ICRICT established

The Independent Commission for the Reform of International Corporate Taxation (ICRICT) has been established to propose reforms in the current tax systems which do not favour the public interest.

The commission a new nonpartisan body, has been established in response to widespread anger about corporate tax avoidance, the impacts of such avoidance on inequality and poverty, and concerns that current tax reform processes are inadequate.

The church, represented by the Council of Churches in Zambia (CCZ) is part of the commission whose inaugural meeting will take place in New York on March 18-19, 2015.

The Commission chaired by, former UN Under-Secretary-General José Antonio Ocampo, includes prominent economic experts, church leaders and political leaders from around the world: Eva Joly, Rev. Suzanne Matale, Manuel Montes, Léonce Ndikumana, Ifueko Omoigui-Okauru, Govinda Rao, Magdalena Sepúlveda, and Joseph Stiglitz, Nobel Prize-winning economist.
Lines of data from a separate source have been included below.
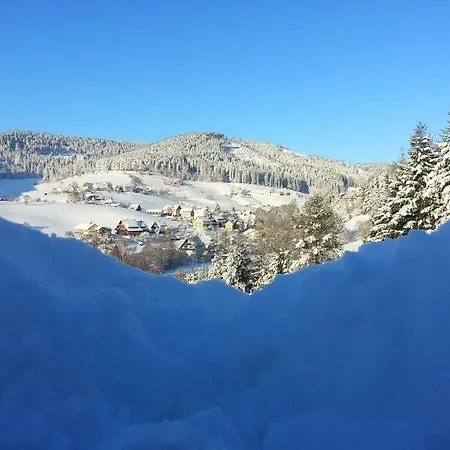 Haus Schwarzwaldgrund * Baiersbronn
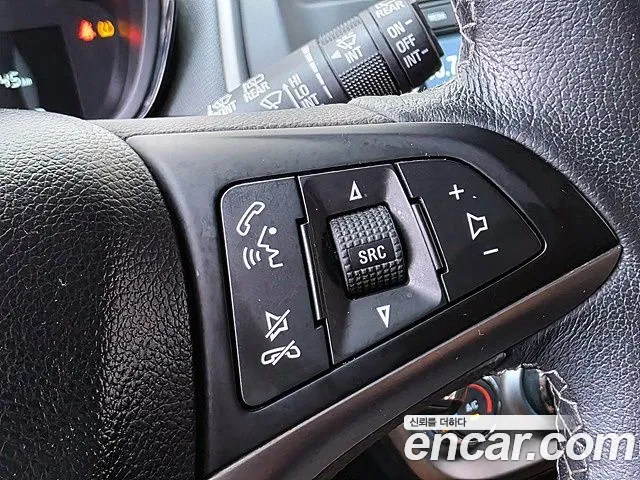 ChevroletGMDaewoo Spark — фото 15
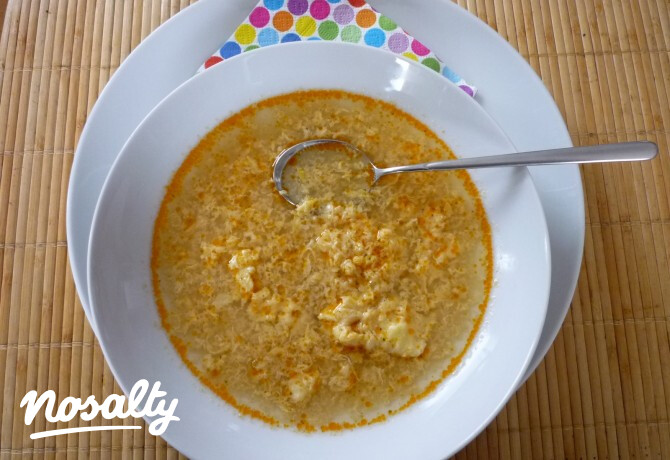 Köménymagleves inkognitóban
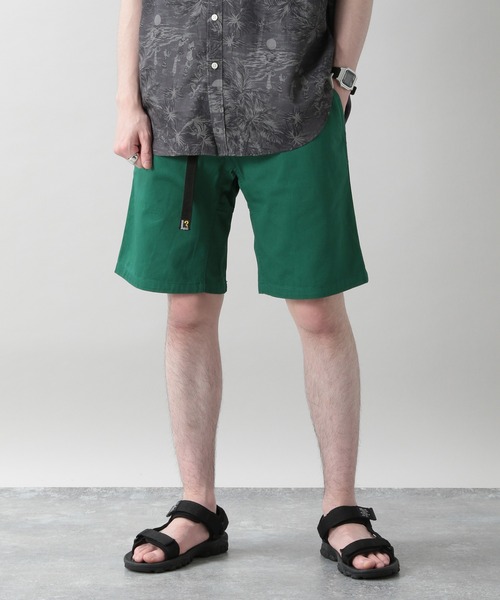 RAGEBLUE（レイジブルー）の「【マジックインキ】コラボカラーショーツ/947392（スラックス・メンズ・パープル/ベージュ/オレンジ/キャメル/ブラック/オリーブ/ブルー系その他・FREE）」の3枚目の写真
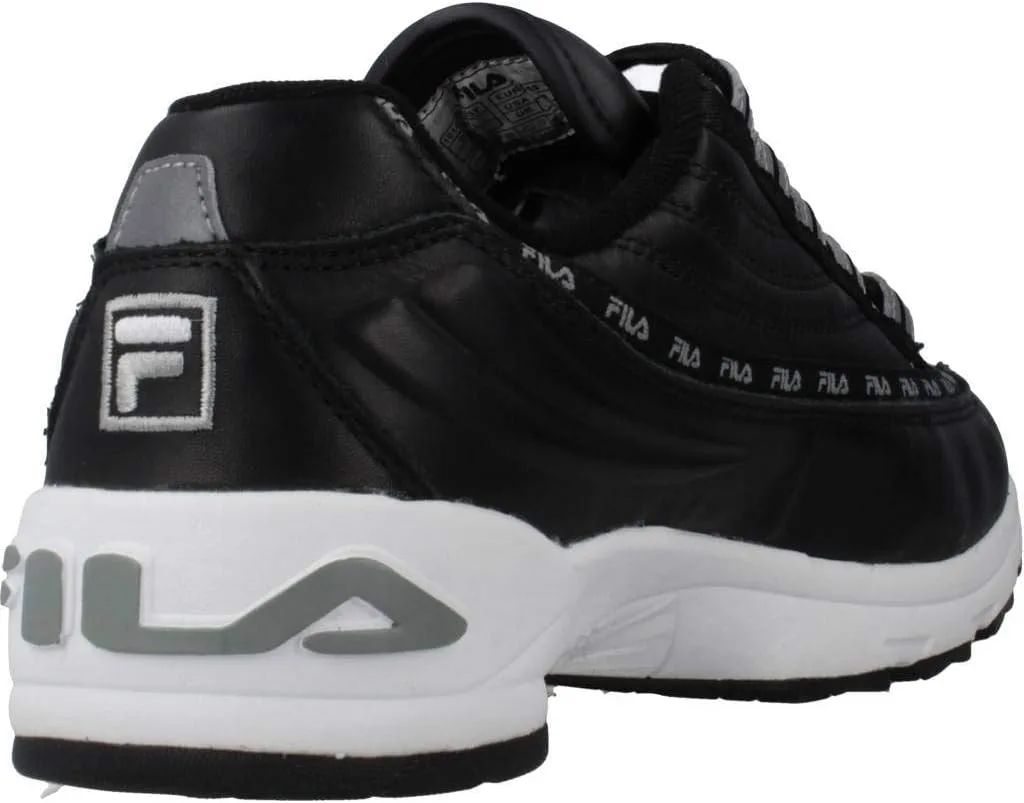 Мужские кроссовки Fila Dstr97 L, черный — фото 3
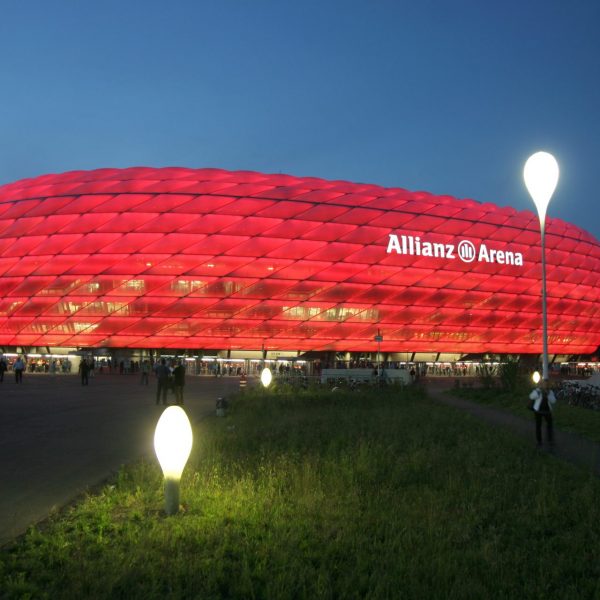 Ausflugstipp: Allianz Arena München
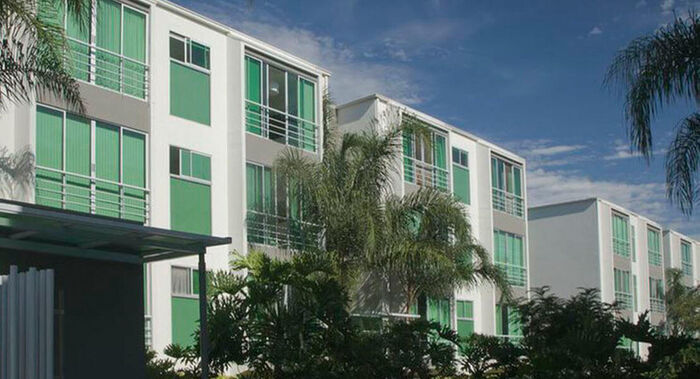 VENTA DE APARTAMENTO AMOBLADO, SAN JOSE, SANTA ANA, CONDOMINIO SANTA ANA FLATS 6924558 in Santa Ana, San José — $150,000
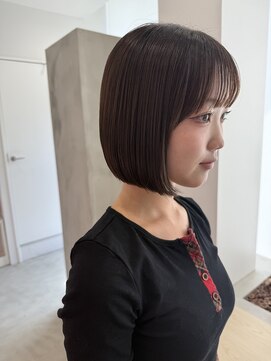 デコラソラン 本川越(DECORA SORAN) コンパクトボブ＊【本川越】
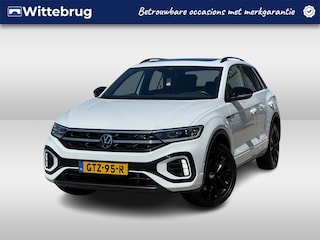 Volkswagen T-Roc 2.0 TSI 4Motion 190PK DSG R-Line Business+ / Black Style / Panoramadak / 18'' LMV / VW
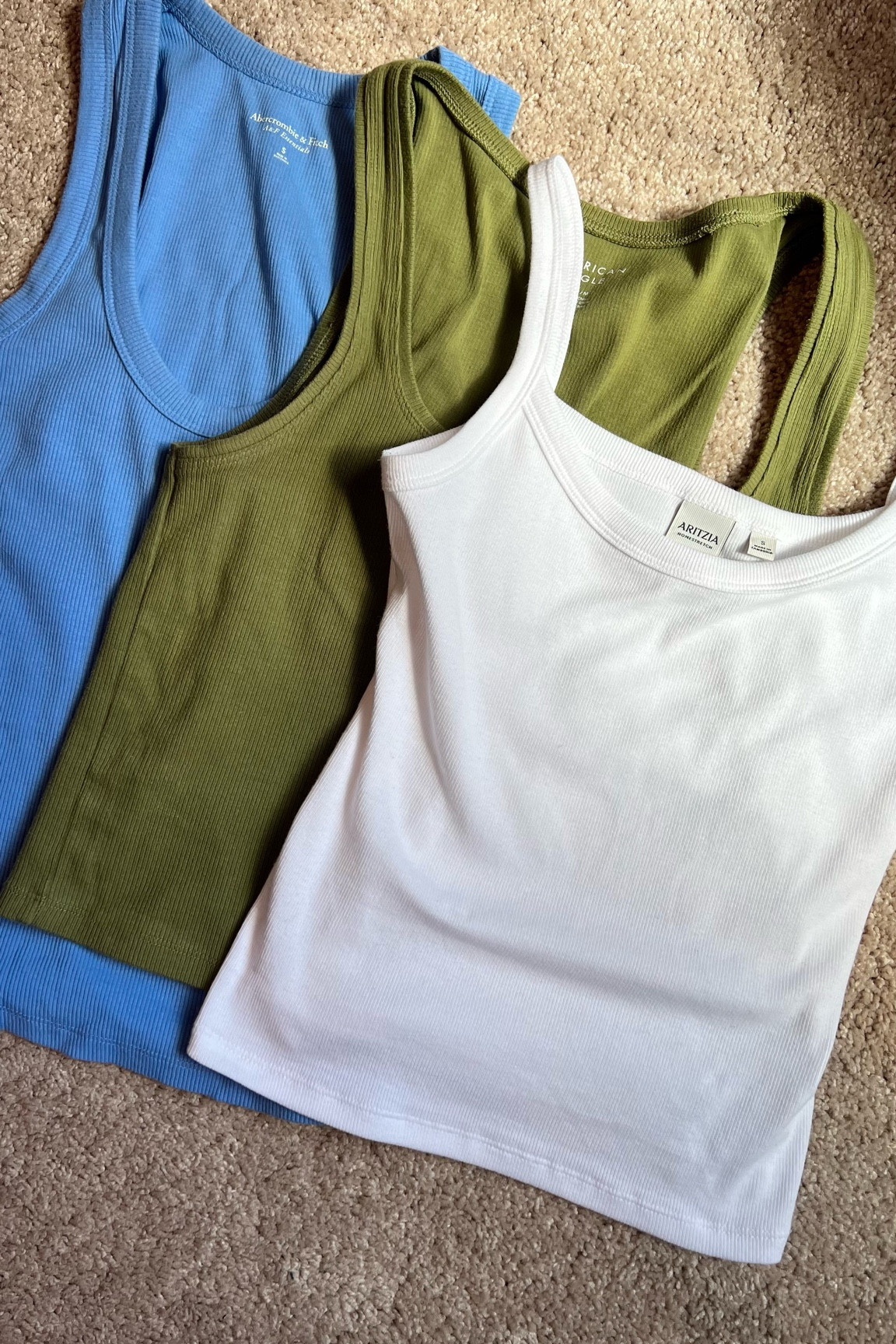 Europe Packing: Tanks

#LTKtravel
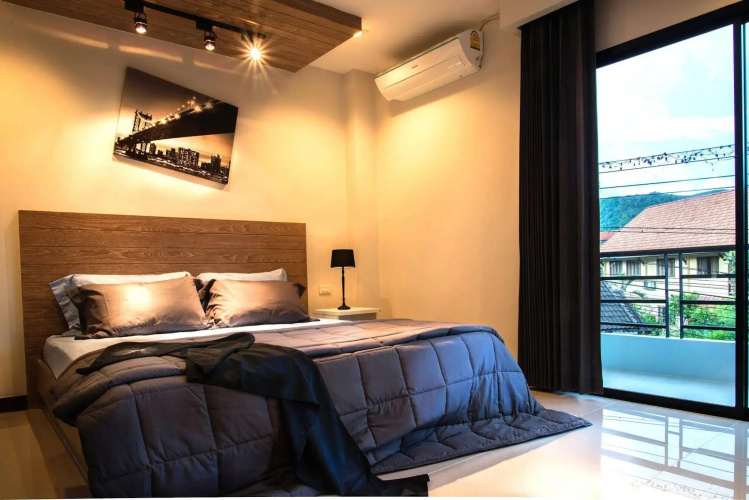 Kbc Boutique Apartment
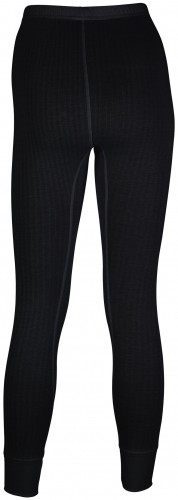 Thermo pants woman AVENTO 0709 42 black 2-pack image 2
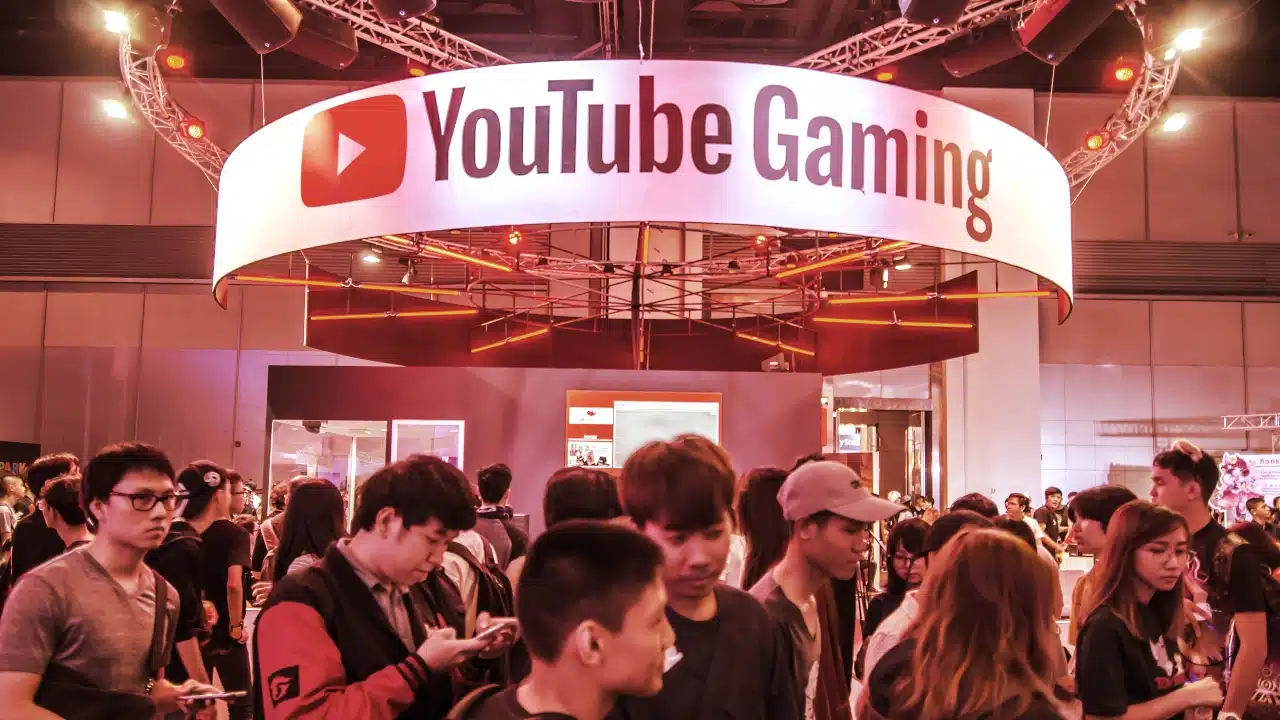 YouTube is reportedly the most popular platform among kids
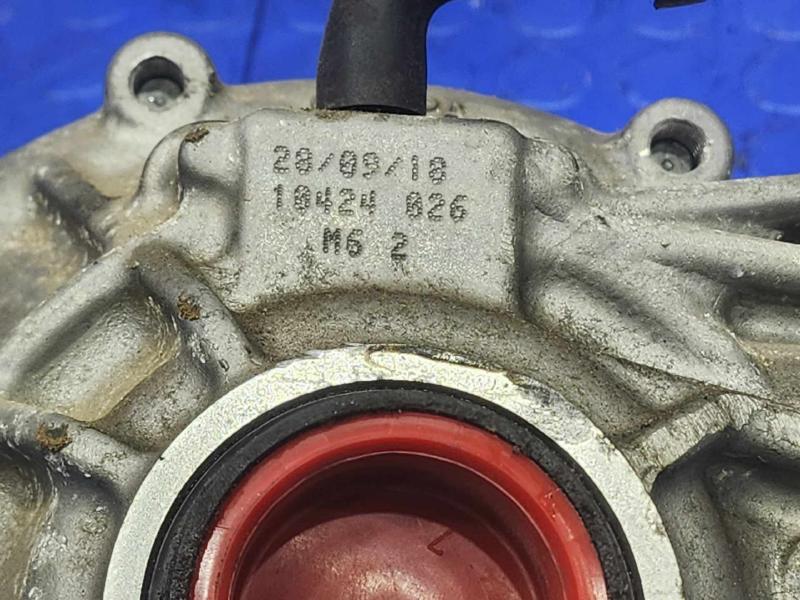 2019 Jaguar F-Pace Carrier/Differential Assembly
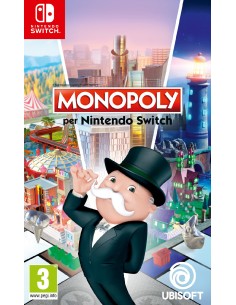 Nintendo Monopoly, Switch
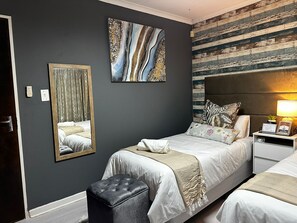 3 sovrum, resesäng, wi-fi och sängkläder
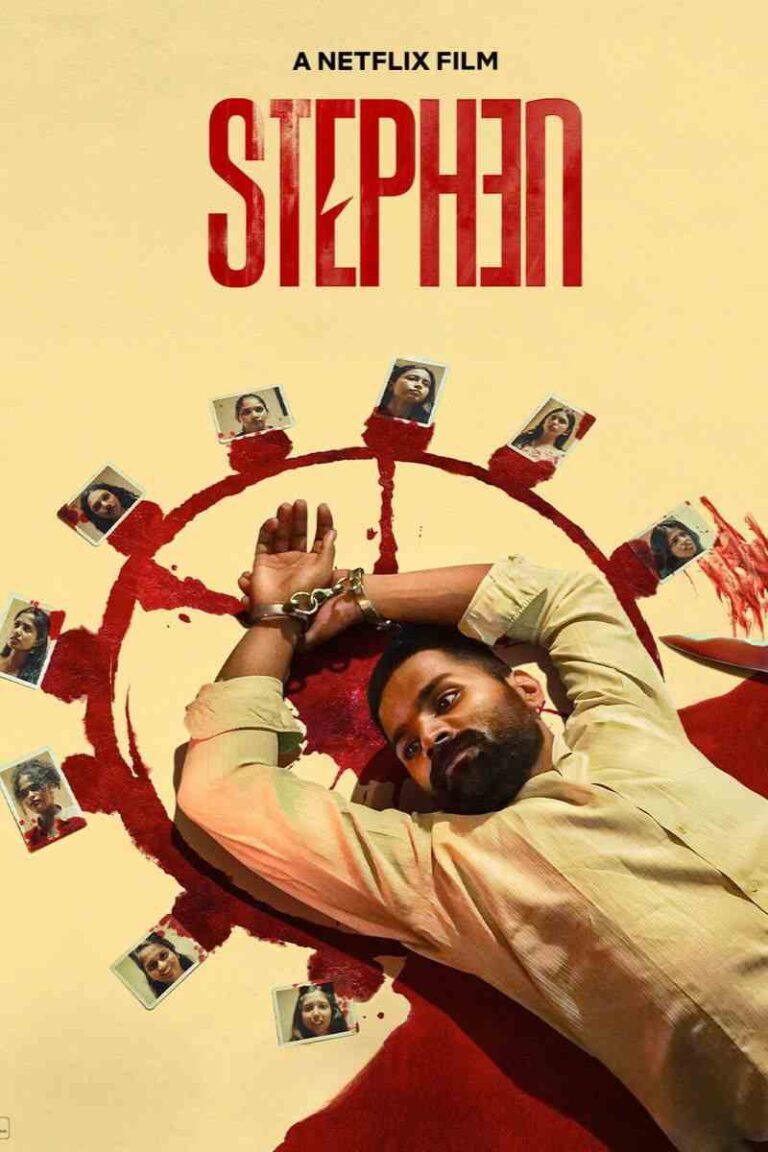 Free HdMovies4u Stephen (2025) (Hindi + Tamil) Dual Audio UnCut South Movie HD ESub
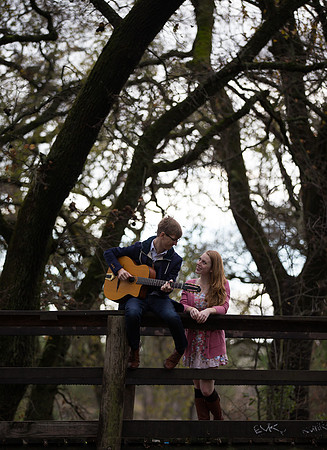 Lindsay and Hunter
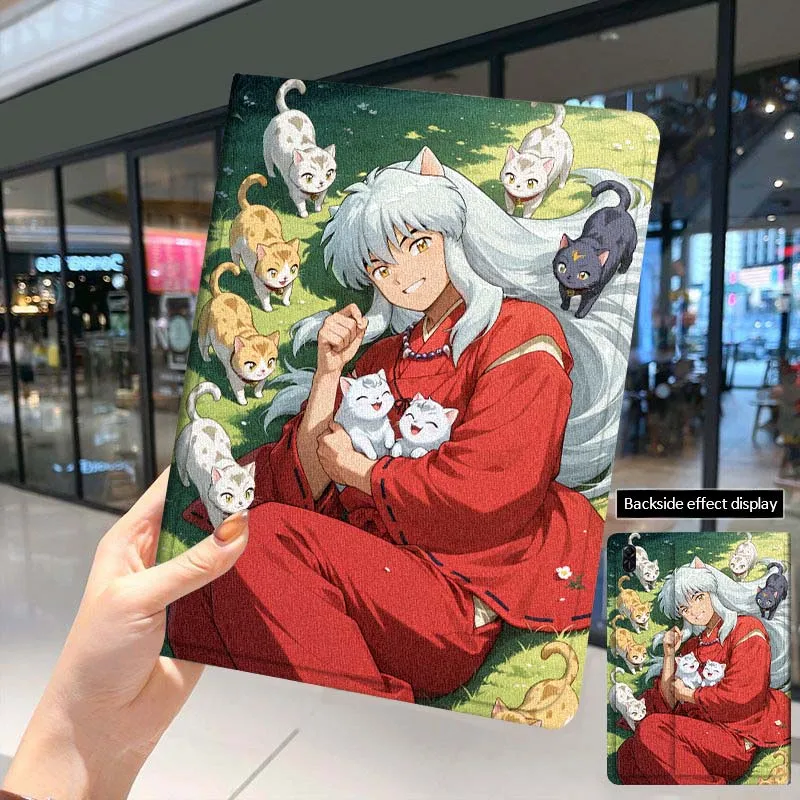I-Inuyashas Anime Design For Huawei MatePad Air SE Pro M6 M5 M2 T10s T5 10 11 12.6 11.5 12 X 10.8 Inch 10.1 Tablet Case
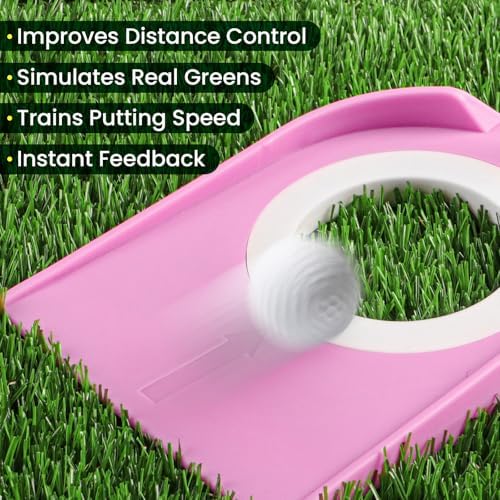 FINGER TEN Golf Putting Cup - Image 3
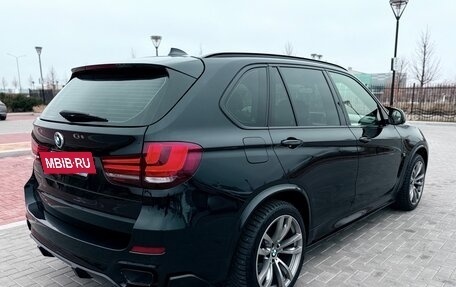 BMW X5, 2017 год, 4 157 000 рублей, 3 фотография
On March 18, the Commission will hear from business, academic, labor, governmental and civil society experts on potential reforms. The commission will shed light on where the rules of the game, and the institutions that govern them, need to change.

The Commission will produce a set of recommendations in the context of the on-going UN Financing for Development agenda and the G20/Organisation for Economic Co-orporation and Development (OECD) Base Erosion and Profit Shifting (BEPS) initiative.

ICRICT was initiated by a broad coalition that includes the World Council of Churches, Action Aid, Alliance-Sud, CCFD-Terre Solidaire, Christian Aid, the Council for Global Unions, the Global Alliance for Tax Justice, Oxfam, Public Services International and Tax Justice Network.

This is contained in a statement issued to Qfm news by CCZ secretary general reverend Suzanne Matale.